Check out this blog for more information related to mirrormaker: https://www.tothenew.com/blog/mirror-maker-for-kafka-migration/
Consumer Lag:
- The difference between how the producers place records on the brokers and when consumers read those messages.
We used the Consumer Offset Checker tool to calculate and monitor consumer lag for each partition of a topic & plotted the lag on cloudwatch, helping identify potential bottlenecks or performance issues in consumer processing. Here’s the Python script for calculating consumer lag.
We automated the execution of Python script using Jenkins & AWS SSM, employing a scheduled cron job for seamless integration into our workflow. This automation enabled us to execute the script at predefined intervals. Link To Jenkinsfile. We created a Cloudwatch dashboard with consumer lag for all topics.
After conducting data verification between the production and integration environments across various timeframes, it became evident that the applications were successfully able to both produce and consume data. With confirmation of data integrity and functionality, we proceeded with the cutover process in the production environment.
Post-Migration & Cleanup
After completing the migration, there are several post-migration tasks to ensure a smooth transition and clean up any residual resources:
- Update application configurations and remove references to the old Kafka cluster.

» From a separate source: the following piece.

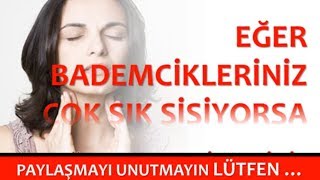 EĞER BADEMCİKLERİNİZ ÇOK SIK ŞİŞİYORSA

- Validate data integrity and consistency across applications.
- Decommission old Kafka clusters and associated resources.
- Monitor MSK cluster performance in production and make any necessary adjustments.
Conclusion
By following a structured migration plan and addressing key considerations, organizations can seamlessly transition their Kafka workloads to AWS MSK and unlock the full potential of real-time data streaming on the cloud. Partnering with a managed cloud services provider who can help you choose the right migration path is one way to overcome these kinds of migration challenges.